Seit 1. April 26 ist in unserer Seelsorge Einheit die Stelle des Referenten für Engagemententwicklung besetzt. In allen drei Kirchen stellte sich an Ostern Dr. Aleksei Volchkov vor.
Als Kirche leben wir im Sozialraum und vieles geschieht aus dem freiwilligen Engagement. Vernetzungen zu forcieren, einzelne in ihrem Engagement zu fördern, auch außerhalb der Kirche wahrgenommen zu werden und damit zielgerichtete Medienarbeit, Unterstützung von Initiativen und vieles mehr gehören zum Arbeitsfeld.
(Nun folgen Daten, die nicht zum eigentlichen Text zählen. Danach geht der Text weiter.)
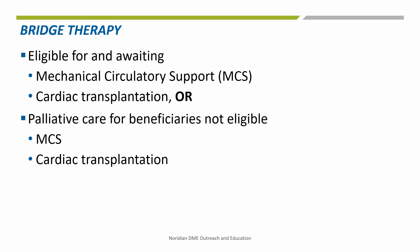The second criteria is a bridge therapy for beneficiaries eligible for and awaiting mechanical circulatory support, MCS, or cardiac transplantation, or as palliative care for beneficiaries not eligible for either MCS or cardiac transplantation.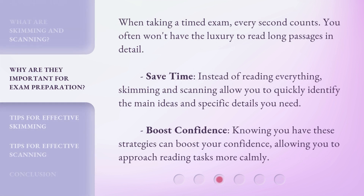When taking a timed exam, every second counts. You often won't have the luxury to read long passages in detail. Save time — instead of reading everything, skimming and scanning allow you to quickly identify the main ideas and specific details you need. Boost confidence — knowing you have these strategies can boost your confidence, allowing you to approach reading tasks more calmly.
Margarete Zeiler, die Gewählte Vorsitzende, erwähnte dies in ihrer Begrüßung und wünschte ihm gute Begegnungen und Gelingen.

Danach stellte sich Dr.Aleksei Volchkov vor:
Liebe Gemeinde,
mein Name ist Aleksei Volchkov, und ab jetzt werde ich unter Ihnen in der Seelsorgeeinheit Reutlingen Nord als Referent für Engagemententwicklung arbeiten. Meine Aufgabe ist es, ehrenamtliches Engagement in unserer Gemeinde zu stärken und weiterzuentwickeln: Menschen dabei zu helfen, ihre Talente zu entdecken und ihren Platz im kirchlichen Leben zu finden, neue Formen der Mitarbeit zu eröffnen und die Kirche stärker mit unserem sozialen Umfeld zu vernetzen – mit Vereinen, Schulen, anderen christlichen Konfessionen und der kommunalen Gemeinschaft. Außerdem möchte ich den pfarrlichen Medien neues Leben einhauchen und dazu beitragen, dass die drei Kirchen unserer Seelsorgeeinheit für die Menschen vor Ort sichtbarer werden.
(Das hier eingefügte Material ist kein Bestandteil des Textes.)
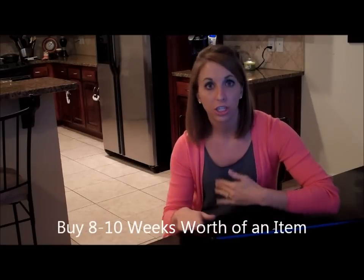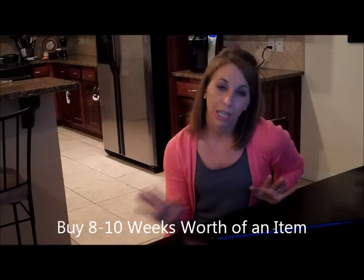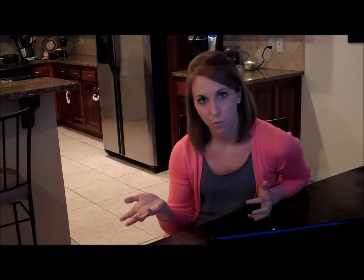So when you find an item at a rock-bottom price, what do you do? You want to buy 8 to 10 weeks worth of that item, because that's what a traditional sales cycle looks like — most items that you're going to buy will go on sale about every 8 to 10 weeks. That's about 2 to 3 months worth of items, so you really don't ever need to buy more than that.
Seit 2021 lebe ich in Tübingen. Meine Heimatstadt ist jedoch Sankt Petersburg in Russland. In Deutschland habe ich drei Jahre an der Universität gearbeitet und mich mit interkulturellen Projekten beschäftigt. Als Koordinator des Projekts „Forum Kulturdialog“ habe ich Begegnungsräume für Menschen mit russischsprachigem und ukrainischem Hintergrund aufgebaut. Im Jahr 2024 wurde das Projekt mit dem Tübinger Integrationspreis ausgezeichnet. Außerdem war ich bei der Caritas tätig und in der Flüchtlingsseelsorge engagiert.
Von Ausbildung her bin ich Historiker und Theologe (Dr. theol.). Besonders interessieren mich das Neue Testament, die Geschichte des frühen Christentums, interkulturelle Kommunikation sowie soziale Arbeit im kirchlichen Kontext.
Ich bin orthodoxer Christ – und sehe darin keine Einschränkung, sondern vielmehr eine zusätzliche Chance für meine Arbeit. Denn ich gehöre selbst zu der Gruppe von Menschen, die ich ansprechen möchte: Menschen, die nicht katholisch sind, die katholische Kirche aber gut kennen, sie schätzen und sich ihr in vieler Hinsicht verbunden fühlen – kulturell, sozial und menschlich. Aus eigener Erfahrung weiß ich, wie es ist, sich einer Gemeinschaft zugehörig zu fühlen, ohne ihr ganz anzugehören. Manchmal kann gerade diese Perspektive von außen neue Türen öffnen.
Mich tragen und inspirieren mein Glaube an Jesus Christus, meine Familie (ich habe eine Ehefrau und drei Kinder) sowie die Geschichte des frühen Christentums – meines liebsten Abschnitts der Kirchengeschichte.
Ich freue mich sehr darauf, Sie kennenzulernen, liebe Mitchristen, und gemeinsam mit Ihnen das ehrenamtliche Engagement und die Beteiligung am Leben unserer Gemeinden weiterzuentwickeln.